16. Bahwa untuk melaksanakan kewajiban Pemohon VI, Pemohon VII,
Pemohon VIII, dan Pemohon IX dan menindaklanjuti aspirasi serta sebagai
bentuk pertanggungjawaban secara moral dan politis kepada konstituennya,
yaitu memperjuangkan hak-hak masyarakat Kalimantan Timur untuk
mendapatkan keadilan dan keselarasan, kepastian hukum yang adil dan
perlakuan yang sama di hadapan hukum, bebas dari perlakuan yang
bersifat diskriminatif, serta mewujudkan penggunaan kekayaan alam yang
dipergunakan untuk sebesar-besarnya kemakmuran rakyat dan
mecerminkan adanya kesatuan ekonomi nasional dalam bingkai Negara
Kesatuan Republik Indonesia, maka Pemohon VI, Pemohon VII, Pemohon
VIII, dan Pemohon IX bersama-sama masyarakat Kalimantan Timur secara
pribadi perorangan memiliki kepentingan untuk mengajukan uji materi (judicial review) Undang-Undang Perimbangan keuangan Pemerintah Pusat
dan Daerah;
17. Bahwa berdasarkan hal tersebut diatas Pemohon VI, Pemohon VII,
Pemohon VIII, dan Pemohon IX jelas-jelas telah mengalami kerugian
sebagai penduduk Kalimantan Timur, di mana kerugian konstitusional
tersebut sebagaimana telah dijamin dan dilindungi oleh UUD 1945;
18. Bahwa ketentuan sepanjang frasa “84,5% untuk Pemerintah dan 15,5 %
untuk daerah” dalam Pasal 14 huru e UU 33/2004 dan sepanjang frasa
“69,5% untuk pemerintah dan 30,5% untuk daerah” yang diatur dalam Pasal
14 huruf f UU 33/2004 yang menyatakan “(e) Penerimaan Pertambangan
Minyak Bumi yang dihasilkan dari wilayah daerah yang bersangkutan
15
setelah dikurangi komponen pajak dan pungutan lainnya sesuai dengan
peraturan perundang-undangan, dibagi dengan imbangan 84,5% untuk
Pemerintah dan 15,5% untuk daerah”, dan “(f) Penerimaan Pertambangan
Gas Bumi yang dihasilkan dari wilayah daerah yang bersangkutan setelah
dikurangi komponen pajak dan pungutan lainnya sesuai dengan peraturan
perundang-undangan, dibagi dengan imbangan 69,5% untuk Pemerintah
dan 30,5% untuk daerah”, menurut para Pemohon telah bertentangan
dengan ketentuan Pasal 18A ayat (2) UUD 1945 menyatakan “Hubungan
keuangan, pelayanan umum, pemanfaatan sumber daya alam dan sumber
daya lainnya antara pemerintahan pusat dan pemerintahan daerah diatur
dan dilaksanakan secara adil dan selaras berdasarkan undang-undang”.
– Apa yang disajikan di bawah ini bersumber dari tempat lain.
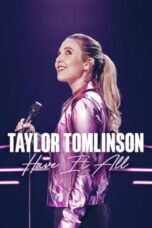 Nonton Film Taylor Tomlinson: Have It All (2023) CINEKEREN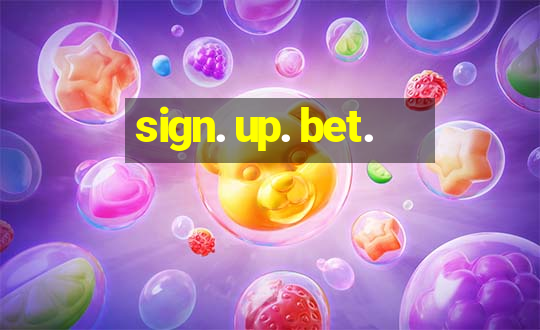 sign. up. bet.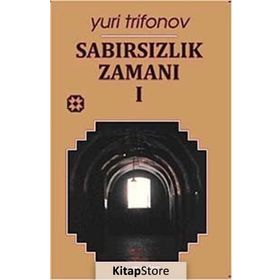 SABIRSIZLIK ZAMANI 1 - GENEL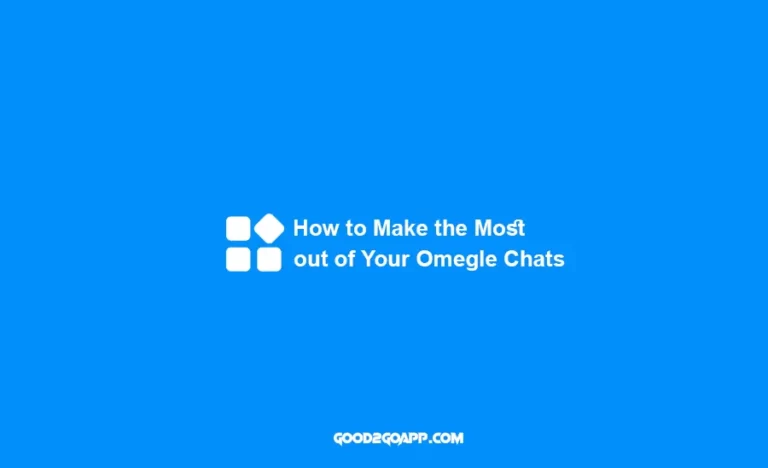 How to Make the Most out of Your Omegle Chats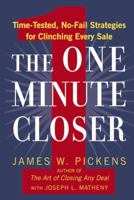 The One Minute Closer: Time-Tested, No-Fail Strategies for Clinching Every Sale 0446540994 Book Cover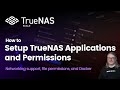 How To Setup TrueNAS SCALE Applications and Permissions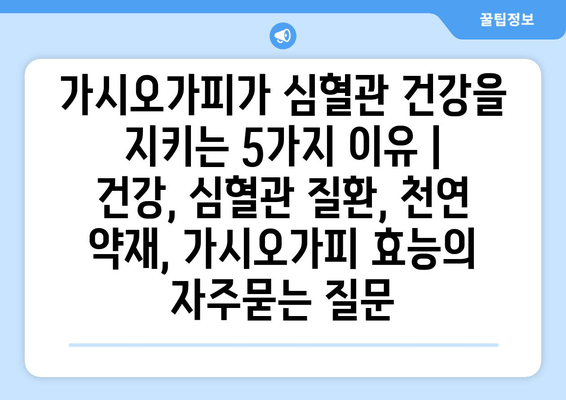 가시오가피가 심혈관 건강을 지키는 5가지 이유 | 건강, 심혈관 질환, 천연 약재, 가시오가피 효능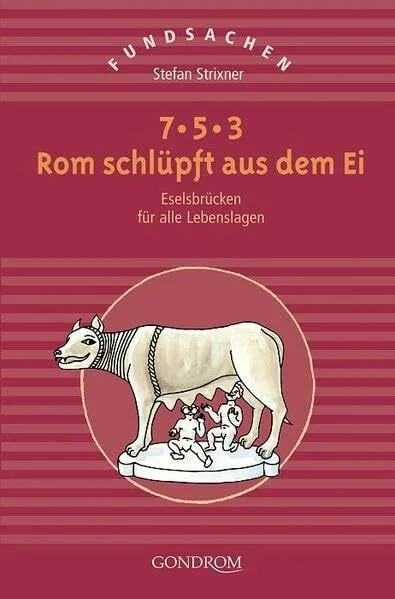7-5-3 Rom schlüpft aus dem Ei (Fundsachen)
Persentase pembagian dana bagi hasil untuk daerah penghasil dan
bergantung pada minyak dan gas telah tidak adil dan tidak selaras dengan
kebutuhan, kondisi dan situasi masyarakat serta urusan/kewenangan yang
telah diberikan Pusat kepada daerah melalui Undang-Undang Nomor 32
Tahun 2004 tentang Pemerintahan Daerah, khususnya daerah Kalimantan
Timur. Dengan demikian masyarakat daerah tidak dapat menikmati
kekayaan alam daerahnya sendiri dan perbaikan lingkungan yang telah
dieksploitasi minyak dan gasnya menjadi terhambat dan cenderung lambat,
rendahnya tingkat kesejahteraan masyarakat, dan menjadikan
pembangunan sumber daya manusia dan infrastruktur di daerah menjadi
lambat serta mengembangkan budaya asli daerah;
19. Bahwa para Pemohon telah dirugikan hak dan/atau kewenangan
konstitusionalnya dengan berlakunya ketentuan sepanjang frasa “84,5%
untuk pemerintah dan 15,5 % untuk daerah” dalam ketentuan Pasal 14
huruf e UU 33/2004 dan sepanjang frasa “69,5% untuk pemerintah dan
30,5% untuk daerah” dalam ketentuan Pasal 14 huruf f UU 33/2004,
padahal telah para Pemohon dijamin, dilindungi dan diberikan,
sebagaimana diatur dalam Pasal 28D ayat (1) UUD 1945 menyatakan
“Setiap orang berhak atas pengakuan, jaminan, perlindungan, dan
kepastian hukum yang adil serta perlakuan yang sama di hadapan hukum.”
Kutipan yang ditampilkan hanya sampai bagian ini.